• [Data block]
********

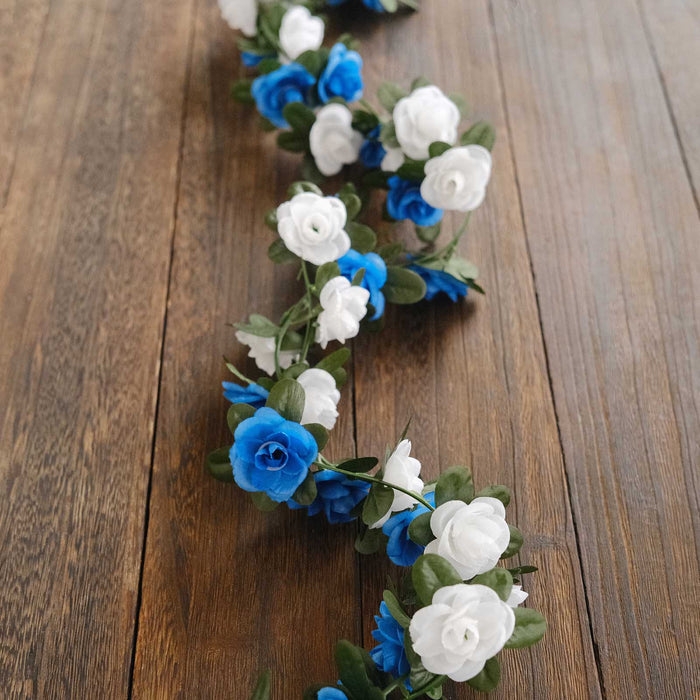 flower garland, rose garland, flower vines, hanging vines, flowers and vines#color_white-royal-blue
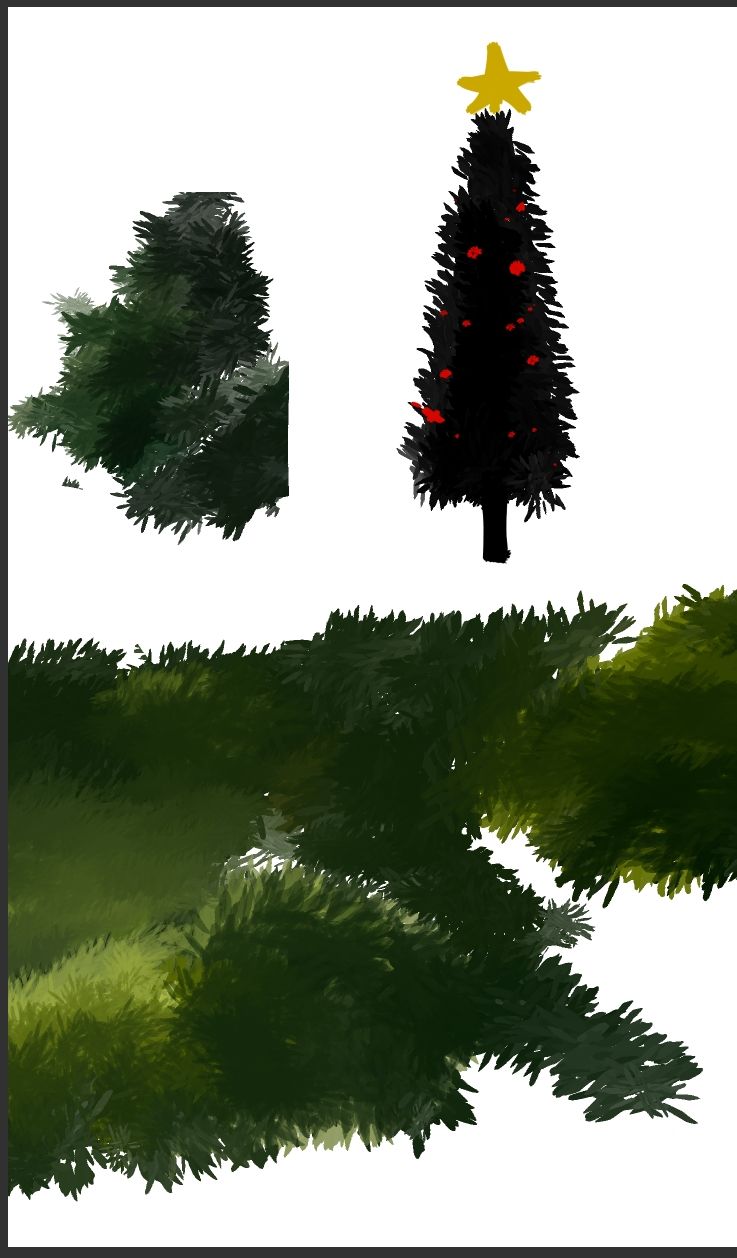 可用来画草丛和两笔画一个圣诞树的笔刷.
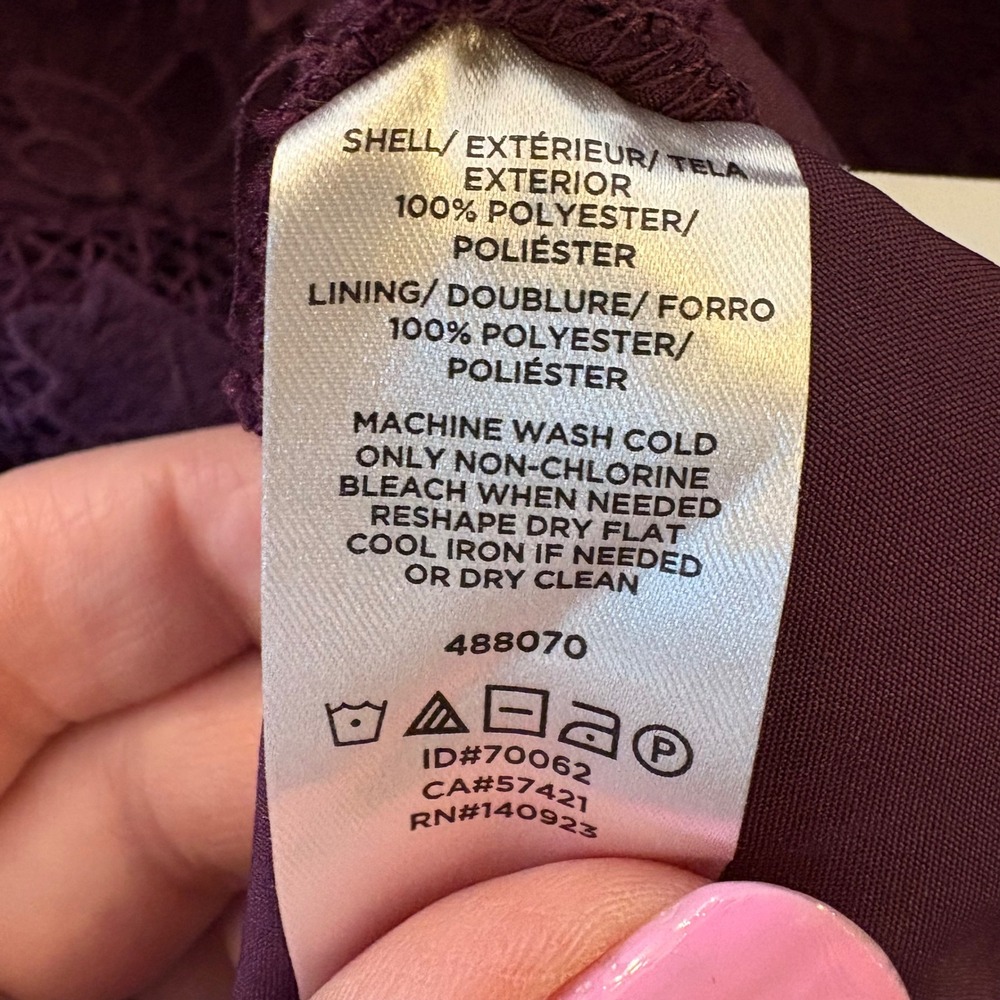 LOFT Aubergine‎ Scalloped Lace Dress Size 2 - Picture 6 of 9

********

• [Task goal]
Copy the data precisely. Skip every picture.

• [Your response]
 flower garland, rose garland, flower vines, hanging vines, flowers and vines#color_white-royal-blue
 可用来画草丛和两笔画一个圣诞树的笔刷.
 LOFT Aubergine‎ Scalloped Lace Dress Size 2 - Picture 6 of 9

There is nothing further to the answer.